- YOUR OBJECTIVE -
Nothing but the lines from the top of the records through the line with "2012 Ford Fusion" should be returned, exactly, and without pictures.

- EXERCISE DATA -
________________________________________

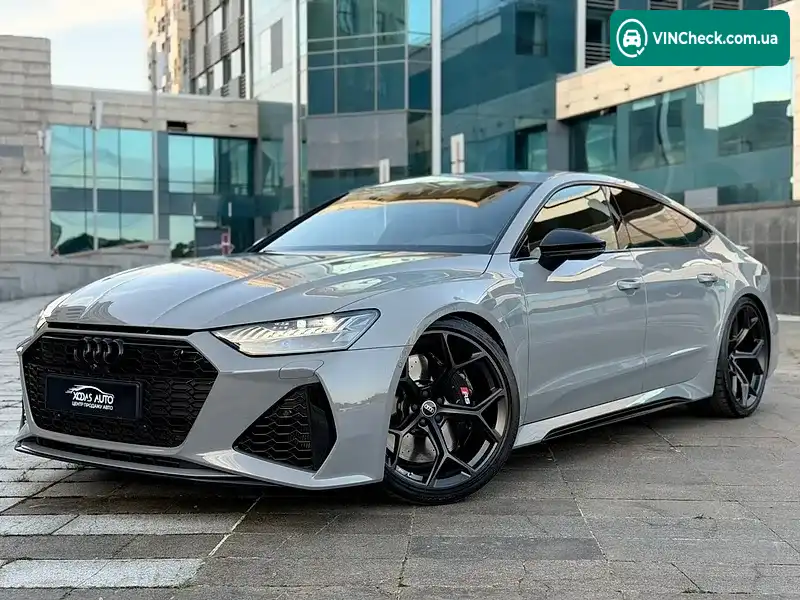 Audi RS7 Sportback 2025, фото з оголошення 1 з 20, VIN WUAZZZF27SN909677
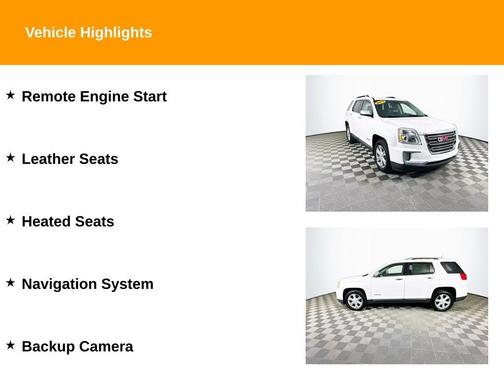 2017 GMC Terrain SLT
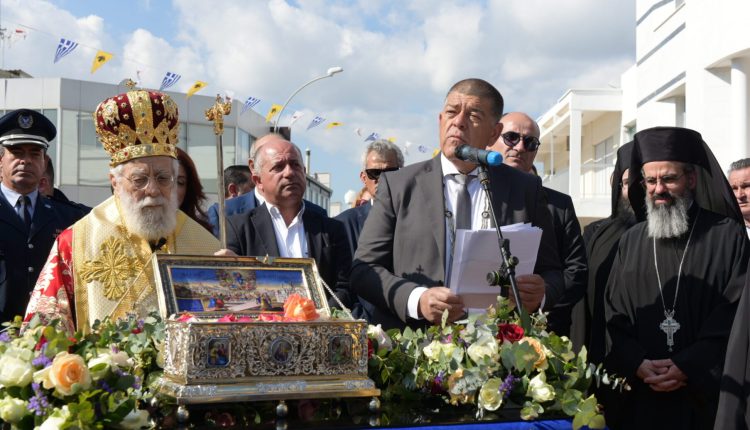 Ο-Μητροπολίτης-Κωνσταντίας-στο-Άγιον-Όρος-για-την-εορτή-της-Τιμίας-Ζώνης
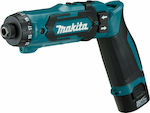 Makita Șurubelniță Baterie 7.2V 2x1.5Ah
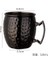 Siyah 501-600 ml 550 ml Moskova Katır Bakır Kupalar Metal Kupa Bardak Paslanmaz Çelik Bira Şarap Kahve Fincanı Bar Aracı (Yurt Dışından) 1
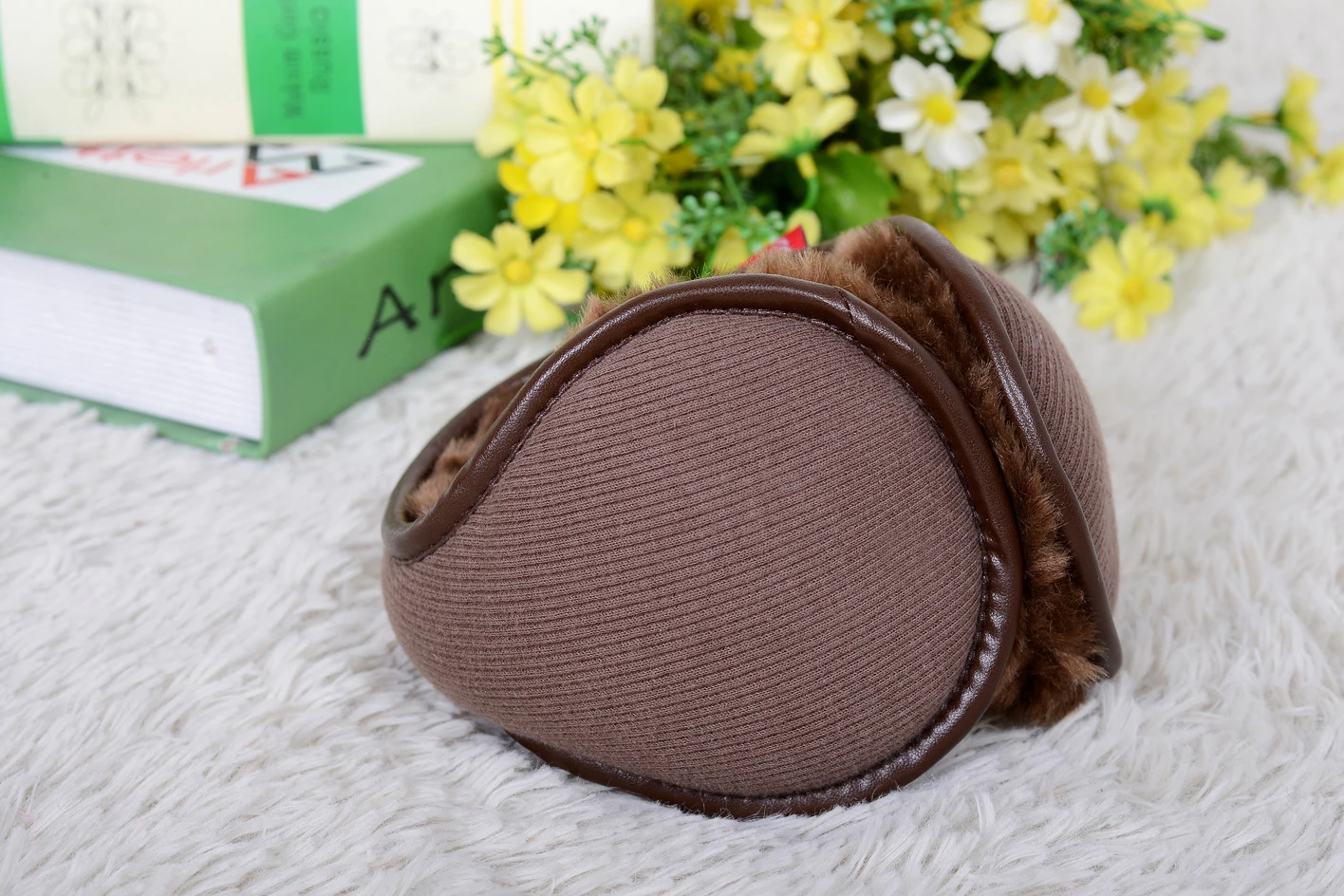 Hot sale warm cute ear muff portable winter cold frost resistant plush earmuffs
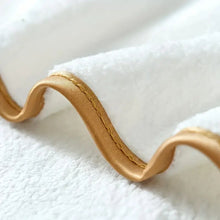 3pcs Ultra Soft Coral Fleece Beach and Bath Towel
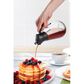 Harold Import Baking Syrup Dispenser in Stainless Steel and Black, , large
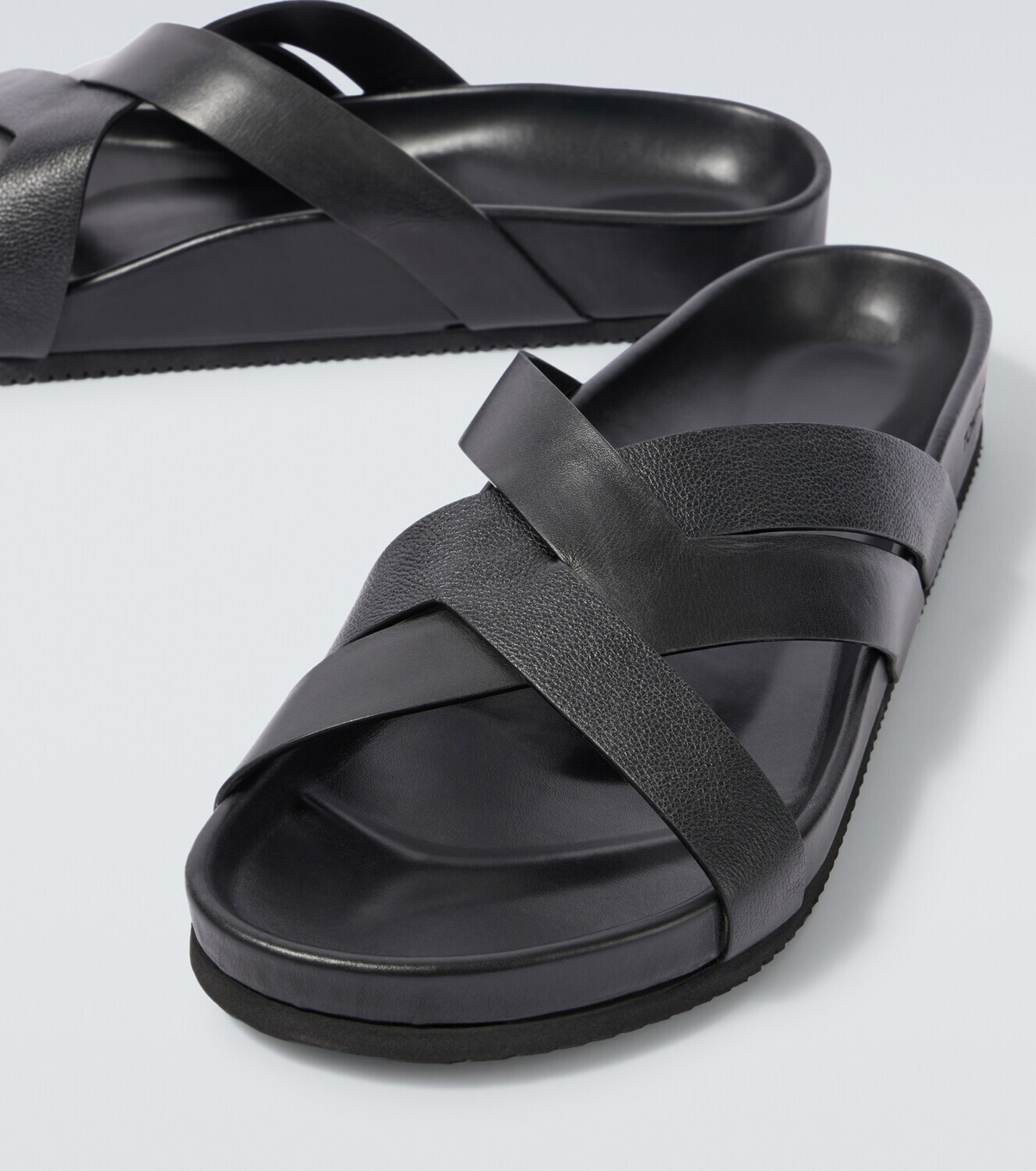 Tom Ford Leather slides
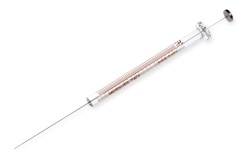 Шприц микролитровый Hamilton 5 мкл, 75 N, Cemented Needle, 26s gauge, 2 in, point style 3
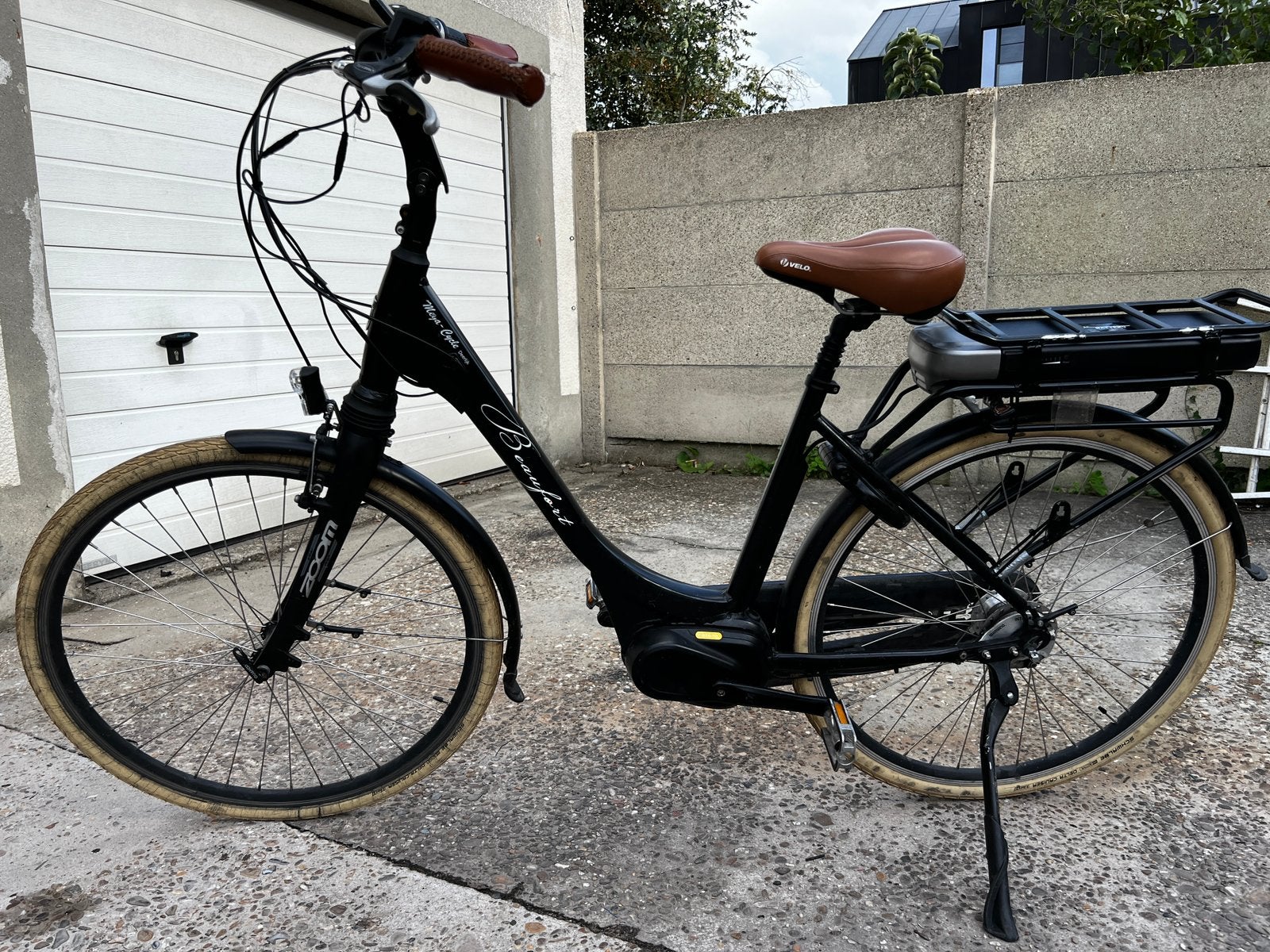 Elektrische fiets met middenmotor bafang e nieuwe batterij, Ophalen, Gebruikt, Brinckers, 51 tot 55 cm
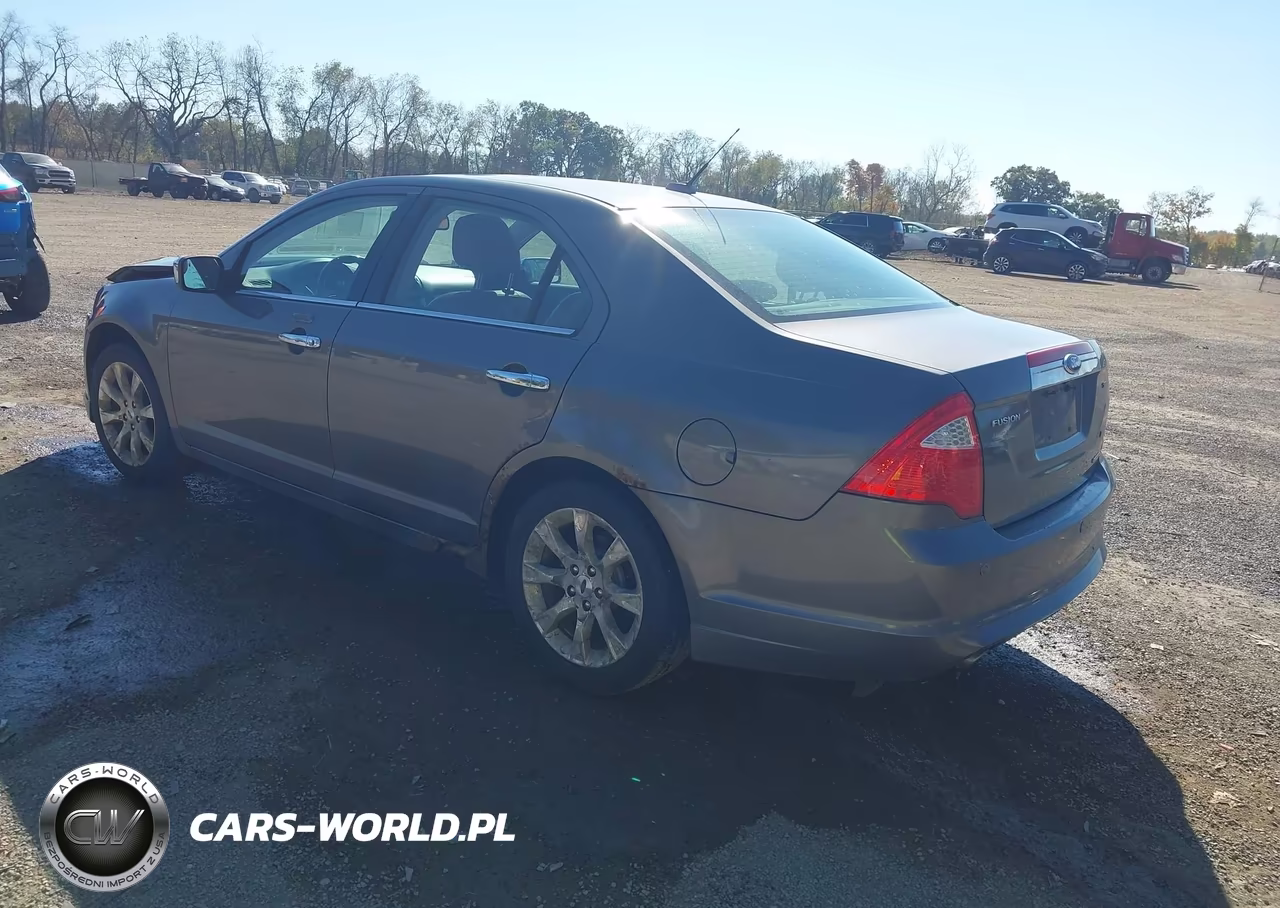 2012 Ford Fusion Sel VIN:3FAHP0JG5CR236700 - 3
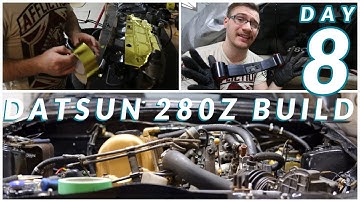 Datsun 280z Build 2.0 [Day 8] Removing the Intake AGAIN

________________________________________

- YOUR RESPONSE -
 Audi RS7 Sportback 2025, фото з оголошення 1 з 20, VIN WUAZZZF27SN909677
 2017 GMC Terrain SLT
 Ο-Μητροπολίτης-Κωνσταντίας-στο-Άγιον-Όρος-για-την-εορτή-της-Τιμίας-Ζώνης
 Makita Șurubelniță Baterie 7.2V 2x1.5Ah
 Siyah 501-600 ml 550 ml Moskova Katır Bakır Kupalar Metal Kupa Bardak Paslanmaz Çelik Bira Şarap Kahve Fincanı Bar Aracı (Yurt Dışından) 1
 Hot sale warm cute ear muff portable winter cold frost resistant plush earmuffs
 3pcs Ultra Soft Coral Fleece Beach and Bath Towel
 Harold Import Baking Syrup Dispenser in Stainless Steel and Black, , large
 Tom Ford Leather slides
 Шприц микролитровый Hamilton 5 мкл, 75 N, Cemented Needle, 26s gauge, 2 in, point style 3
 Elektrische fiets met middenmotor bafang e nieuwe batterij, Ophalen, Gebruikt, Brinckers, 51 tot 55 cm
 2012 Ford Fusion Sel VIN:3FAHP0JG5CR236700 - 3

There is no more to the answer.